For the data below, transcribe the part that opens with the line containing "Drip Irrigation Protection" and closes with the line containing "how to breed pigeons", exactly and with no pictures.

Top of MATERIAL PROVIDED

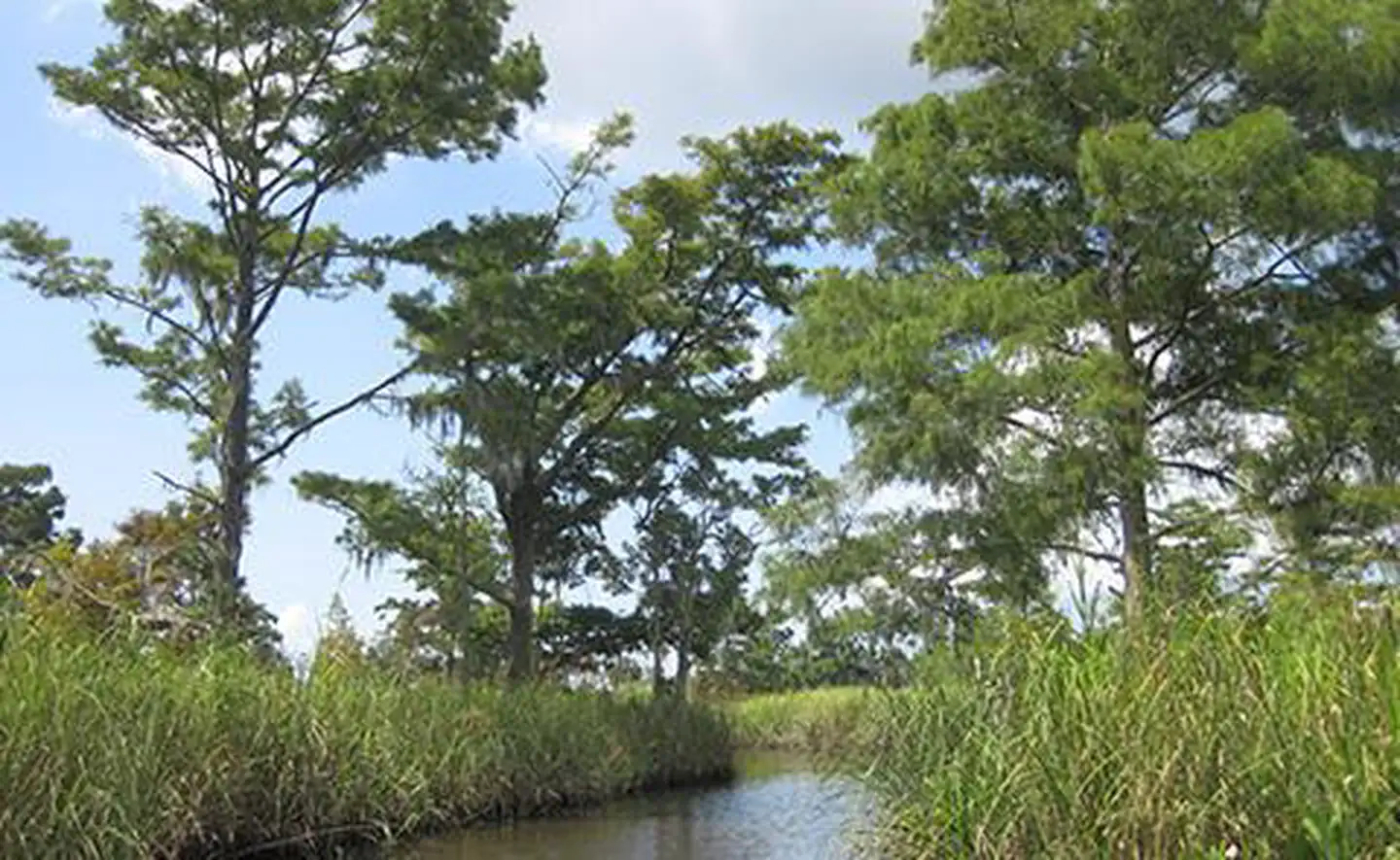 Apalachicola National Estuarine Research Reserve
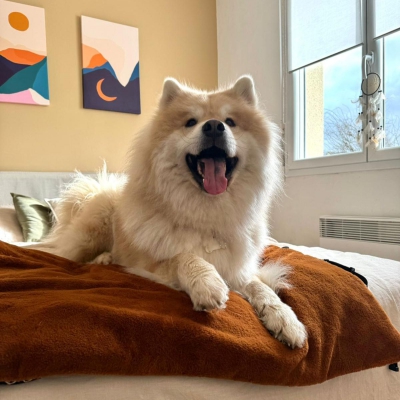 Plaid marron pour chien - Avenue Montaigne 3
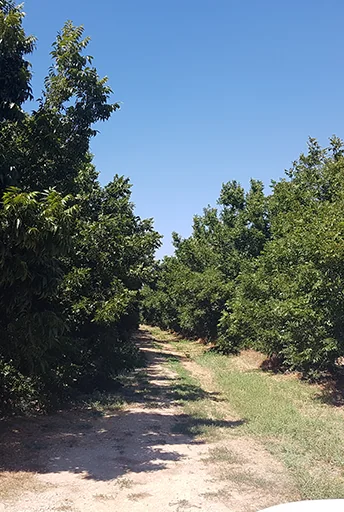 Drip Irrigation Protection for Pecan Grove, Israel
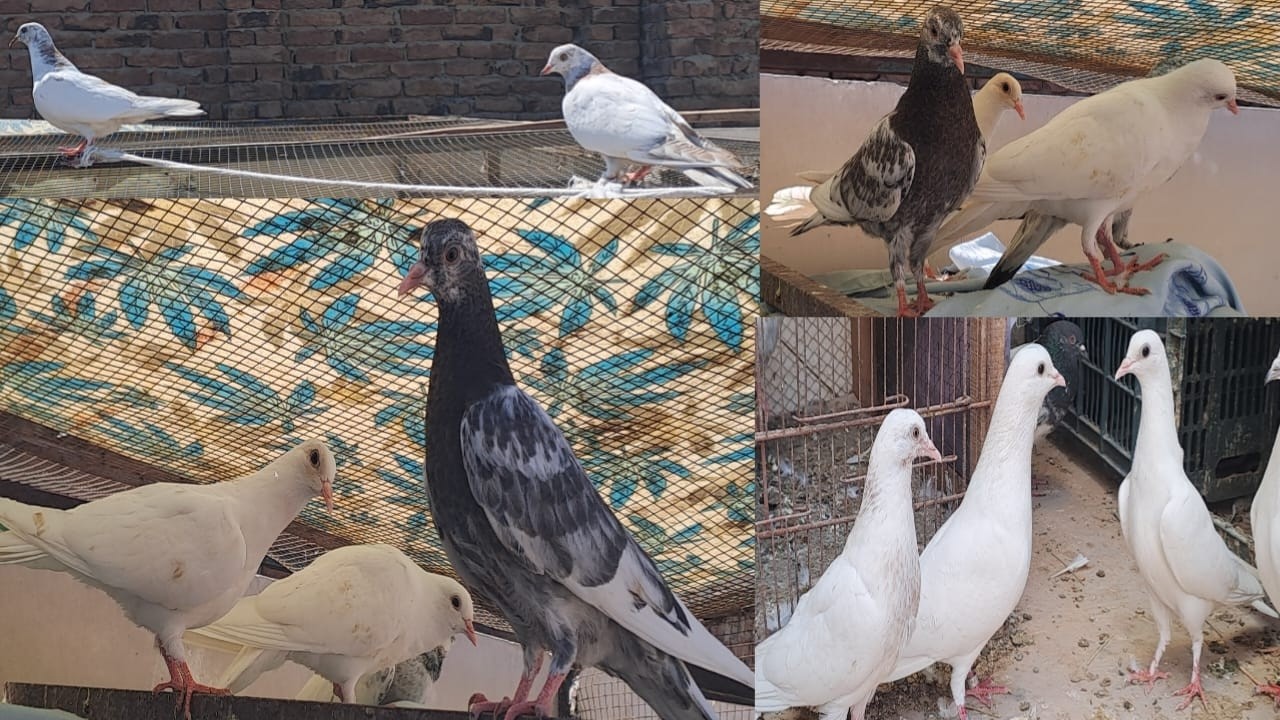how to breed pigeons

Bottom of MATERIAL PROVIDED
Top of MATERIAL PROVIDED

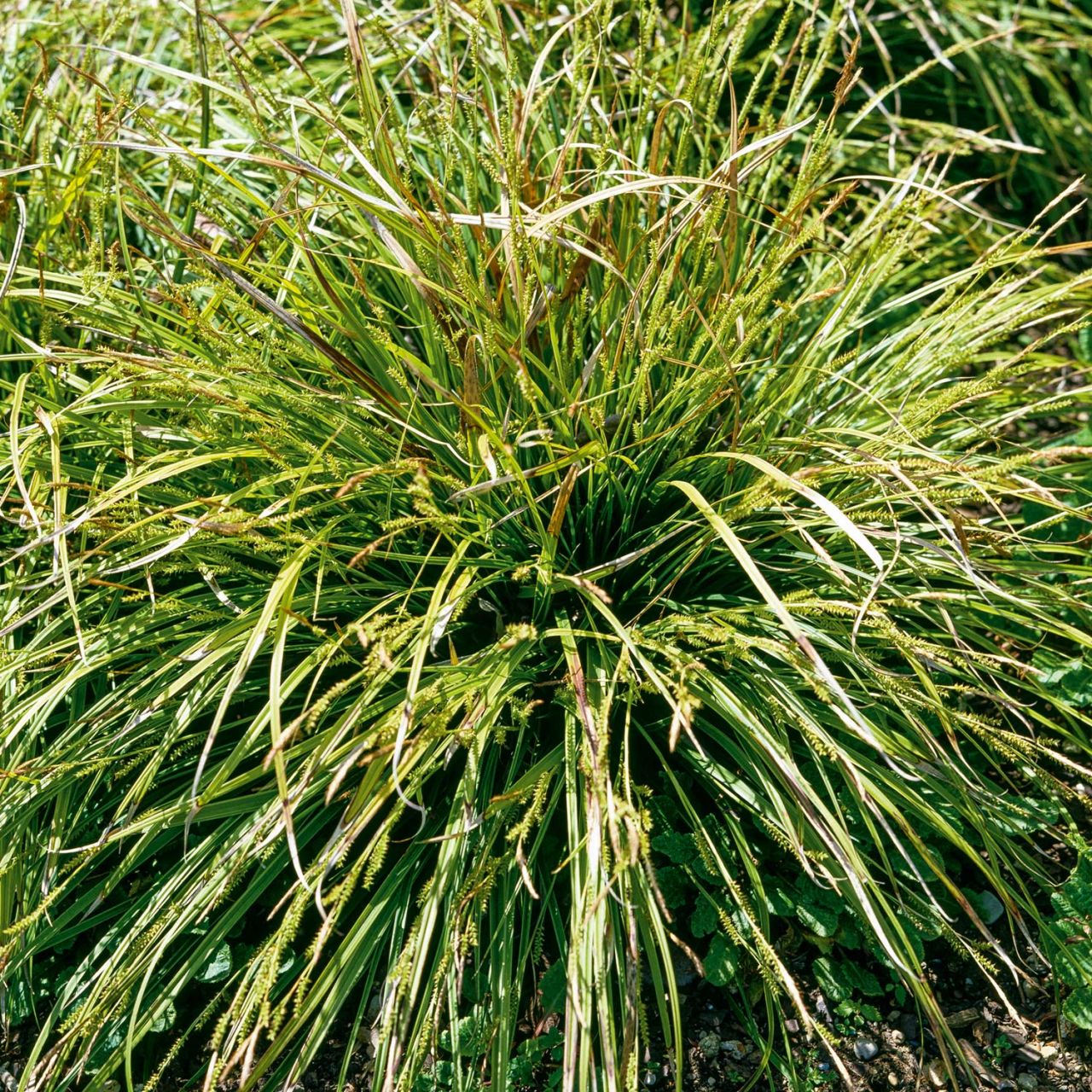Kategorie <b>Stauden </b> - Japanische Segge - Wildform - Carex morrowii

Bottom of MATERIAL PROVIDED

- ANSWER TO THIS PROBLEM
 Drip Irrigation Protection for Pecan Grove, Israel
how to breed pigeons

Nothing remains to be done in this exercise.